For landowners, industrial land is now seen as the lower hanging fruit.
Offices and suburban homes are also being targeted for a change in land use under the NSW state government’s urban activation program (now known as priority precincts) to 'infill' established suburbs to maximise use of existing infrastructure, like transport and services.
Tim Grossman, CBRE’s Director, capital markets, metropolitan investments, says there are eight urban activation precincts in Sydney -- all of which revolve around transport hubs.
CBRE has a team of agents who cold-call home-owners in areas planned for rezoning, hoping to create potential redevelopment sites.
“We are also targeting strata-titled offices in the city to convince individual owners to sell the building for conversion to residential or for redevelopment,” says Grossman.

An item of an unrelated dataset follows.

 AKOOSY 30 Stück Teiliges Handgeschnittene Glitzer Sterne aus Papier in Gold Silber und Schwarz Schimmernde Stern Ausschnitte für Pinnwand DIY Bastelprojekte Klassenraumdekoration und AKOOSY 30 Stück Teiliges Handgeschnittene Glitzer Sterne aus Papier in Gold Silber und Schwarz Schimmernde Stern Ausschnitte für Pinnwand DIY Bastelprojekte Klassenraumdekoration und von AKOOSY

Steinberg says Dexus, which is Australia’s largest listed office landlord, is reviewing its portfolio to identify older buildings for better and higher-return uses. Residential conversion is one option.
Dexus is seeking development approval for 500 apartments on an existing car park at 32 Flinders Street in Melbourne, and is progressing with residential rezoning of the southern end of its Lakes Business Park in Botany, Sydney.
Industry sources say other large A-REITs like Stockland, GPT Group and Mirvac, would also have property, which could lend itself to rezoning for residential development.
Other owners, including listed and private companies, local councils and government agencies, have also started to cash in on rezoning.
The US private equity group, Blackstone, in 2014 sold Gold Fields House with panoramic views of Sydney Harbour, to the Chinese group Dalian Wanda, for $415m -- more than double what it would fetch as an office building. The site has been rezoned for residential development.
Rezoning is transforming Sydney suburbia.
Eight homeowners have made a collective sale of their homes in Epping, an epicentre of rezoning, in Sydney’s north, for more than $30m -- three times what their homes were worth individually -- to a developer.
And JLL’s Sam Brewer is working with nine homeowners in St Leonards, on Sydney’s north shore, to create a development lot for up to 200 apartments. Brewer expects the site to fetch $55m. (These homes are worth between $1m and $2m individually.)
The sale, he says, will be subject to further certainty and an appropriate planning outcome from Lane Cove council, expected in the coming months.
Homeowners in suburbs such as Sydney’s Canterbury and Kensington -- inner-city suburbs with good infrastructure -- are keeping a watching brief on the progress of their councils’ rezoning plans.
They too hope for a slice of the magic pudding.